A systematic study will be undertaken to reveal the
mechanisms of single particle devolatilization specifically and another study
to describe the segregation profile for a waste particle changing in density,
this will be undertaken using advanced X-ray imaging technology available at
UCL. Experimental data gathered will be integrated and compared with real data
from a pilot plant owned and operated by Advanced Plasma Power Ltd. Extensive
research and articles have been written on fluidized bed gasification of coal
and biomass but not on waste (specifically R.D.F). Details on how different
operating conditions affect the syngas product from waste are not widely
available, the reason being is the wide variance of waste composition, unlike
biomass and wood. This project will attempt to provide qualitative and
quantitative data regarding the two important phenomena’s mentioned above.


Energy: Supply & Demand

World energy consumption has been
rising from the early 1960’s, current forecasts predict a rise of 28% between
2015 and 2040. This is partially due to developing countries such as India and
China expanding their industrial sector and a growing middle class in
developing countries consuming more energy than in previous decades.  Most of this energy consumed will still be
supplied by hydrocarbons in the form of liquids or natural gas, however, renewables
have been on the rise and are set to be the fastest growing source compared to
other types of fuels. Figure 1 below from the U.S Energy Information
Administration shows the rise of renewables compared to other fuels from 1990
through to 2040 1.


 Figure 1: World energy consumption by energy source

As energy demands increase we may
need to find new sources of energy. As most of the current sources of energy
come in the form of fossil fuels and are sourced largely from the Middle East
the question of energy security arises. The IEA (international energy agency)
defines energy security as the uninterrupted availability of energy sources at
an affordable price. This can refer to either reliability/uninterruptible
supply or affordable/competitive supply or Accessible/available supply. As the
situation in the Middle East continues to deteriorate and more countries are
being engulfed in war and tragedy, energy security becomes more of a prevalent
issue. Renewables have been put forward as a candidate to fill some of the gaps
in our energy demands, however, more work needs to be done in this regard.
Energy efficiency will also play a part in any future decisions made regarding
what fuel to use to generate energy, here when we talk about energy efficiency
we need to think beyond fuel density and caloric value, we also have to include
carbon footprint, GHG emissions environmental regulations etc. if the
efficiency is below standards then demand will not be sufficiently met. 

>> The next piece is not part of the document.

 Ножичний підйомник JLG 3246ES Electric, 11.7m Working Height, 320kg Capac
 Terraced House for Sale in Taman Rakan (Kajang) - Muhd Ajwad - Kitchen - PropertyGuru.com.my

Energy is defined as renewable if
its source is naturally replenished such as wind, sunlight, tide etc and it
does not directly contribute to greenhouse gas accumulation. In the European
Union, renewables account for 80% of new capacity as policies continue to
support renewable electricity worldwide 2. Renewables are projected to
generate roughly around 11 trillion KWH of electricity in 2040 compared to 6
trillion KWH in 2015. That is 31% share of the electricity generation market in
2040 which is the same as coal 1. This may seem as irrelevant information
because this project is focused on converting R.D.F which is waste derived from
municipal waste, however, according to the EPA (U.S. Environmental Protection
Agency) municipal waste can be classified as renewable. Also, the
Intergovernmental Panel on Climate Change (IPCC) and the world economic forum
agree the entire waste stream should be considered as renewable as sending it
to a landfill is more damaging to the environment. So clearly a connection
exists between sources of energy termed renewable and waste which can be
converted by various methods to energy directly or indirectly by converting to
an intermediary product such as Syngas such as in the case of this project.

Waste: Source of energy?

The UK generated approximately
209 million tonnes of total waste in 2014. Over half of this (59.4 percent) was
generated by construction, demolition, and excavation, with households
responsible for a further 13.7 percent. Per capita 485kg of waste was generated
in the UK in 2015, multiply this by the population of the UK and this will show
how much municipal waste is produced 3. From Figure 2 below it can be seen
that over a fifth of this waste is deposited in landfills that is 38.5 million
tonnes is sent to landfills in the UK alone. Assuming all incineration is used to
produce electricity then only 4.5% of all waste is being used for energy
recovery in one form or another. It can be concluded from the data provided
that a lot of waste is wasted so to speak. Another factor to take into
consideration when sending waste to landfill sites is the increase in the
landfill tax, it is currently £80 per tonne which is a very large increase from
2004/05 when it was a more affordable £15 per tonne 4.  If advance waste to energy techniques are to
be improved and perfected in the future then the raw material will be available
in abundance, and waste being sent to landfills will be dramatically reduced as
it will be cheaper to convert to RDF or pay companies that specialise in
waste-to-energy conversion to remove the waste.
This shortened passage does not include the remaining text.